+++ Excerpted data

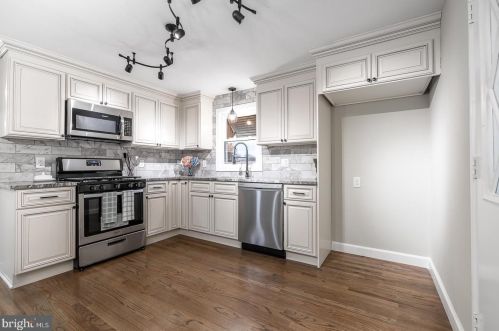22 Sadie St, Trenton, NJ 08619-4310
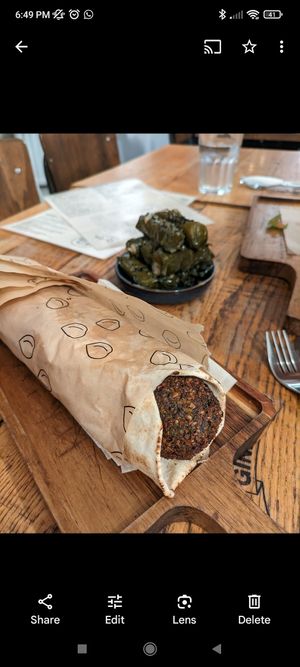 Falafel wrap at Pois Chiche in Brussels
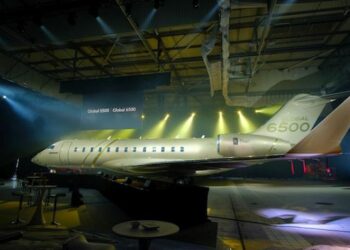 Bombardier a créé la surprise en présentant le premier prototype du Global 6500 à Ebace. © Bombardier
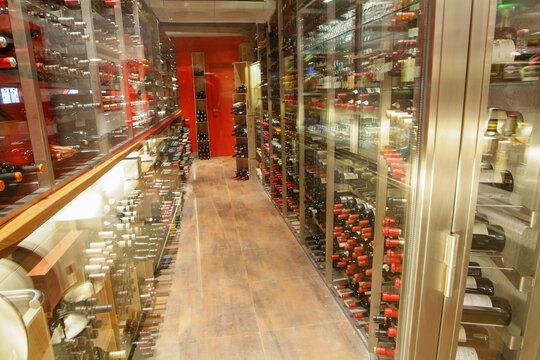 Bedega del restaurante Casa Toni en San Vicente de la Sonsierra, La Rioja, Espa&ntilde;a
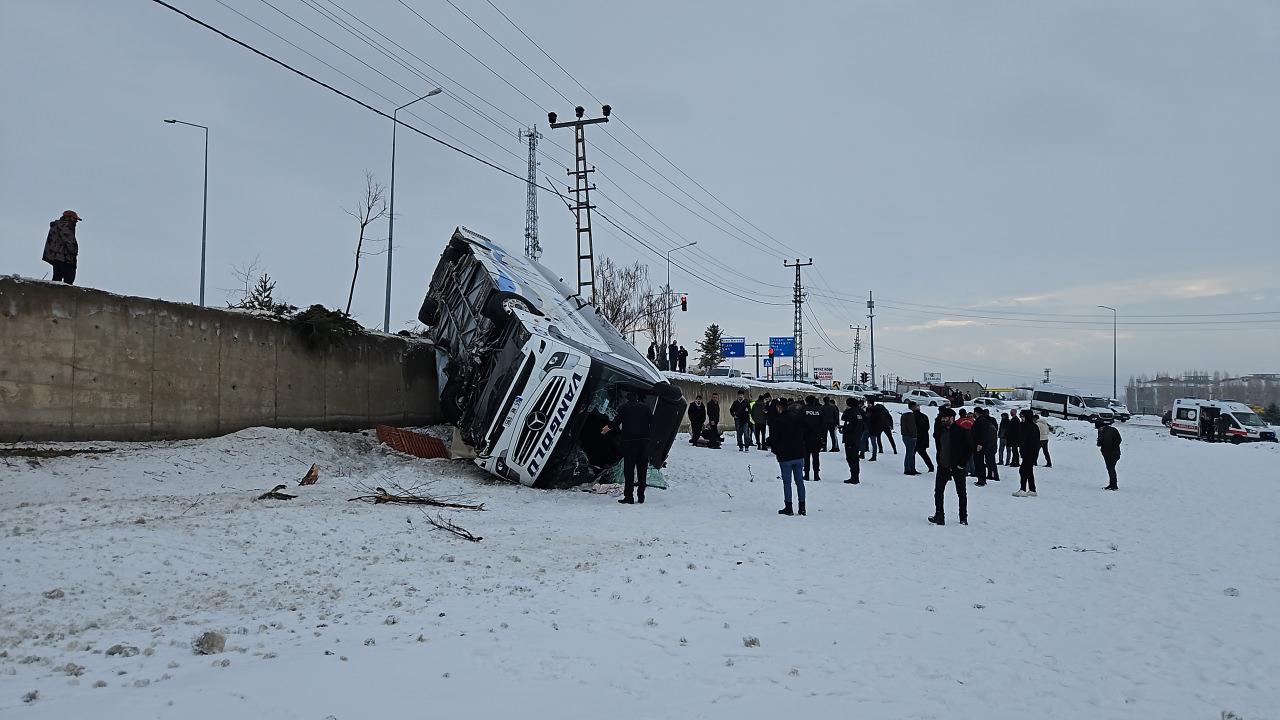 Kaza yerine çok sayıda ekip sevk edildi. 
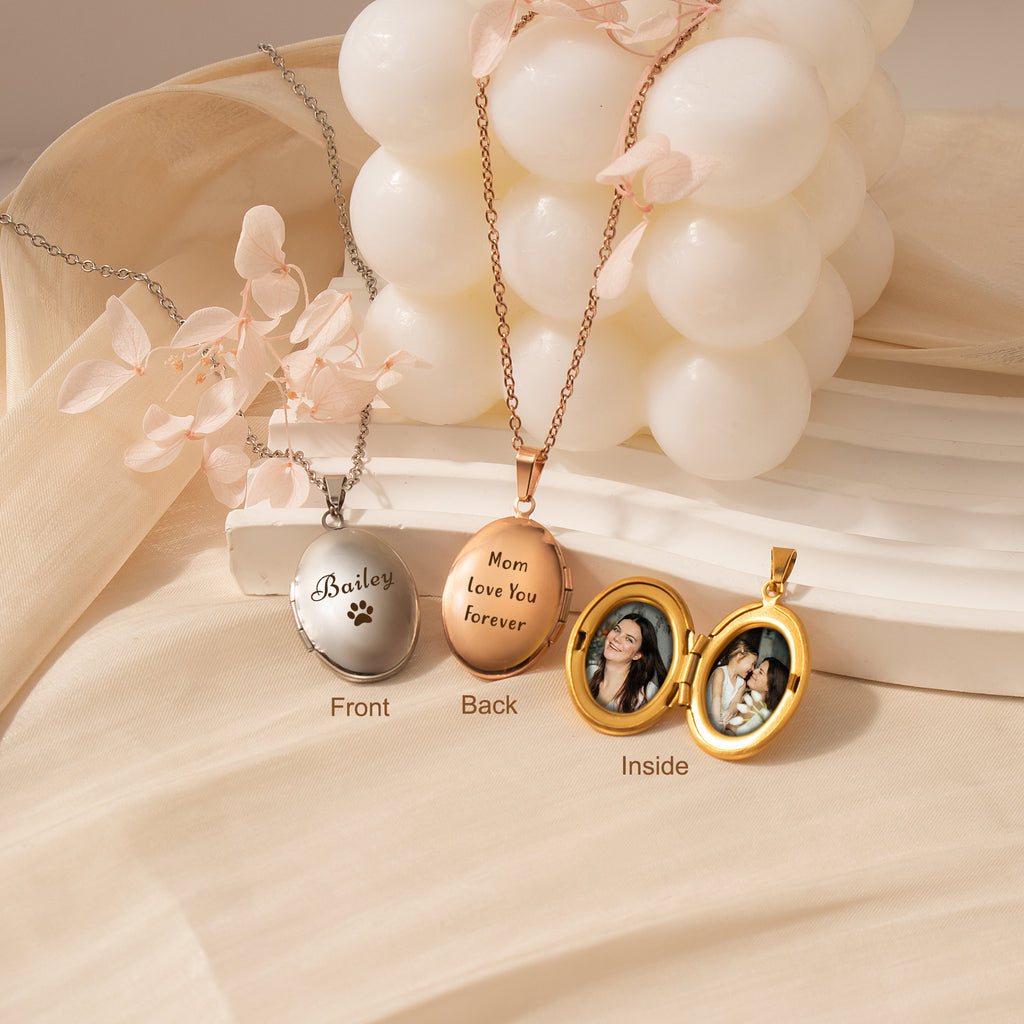 Oval Photo Locket Necklace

++++++

> What to produce
The records above must be printed exactly, but the pictures they hold should be omitted.

> Task output
22 Sadie St, Trenton, NJ 08619-4310
 Falafel wrap at Pois Chiche in Brussels
 Bombardier a créé la surprise en présentant le premier prototype du Global 6500 à Ebace. © Bombardier
 Bedega del restaurante Casa Toni en San Vicente de la Sonsierra, La Rioja, Espa&ntilde;a
 Kaza yerine çok sayıda ekip sevk edildi. 
 Oval Photo Locket Necklace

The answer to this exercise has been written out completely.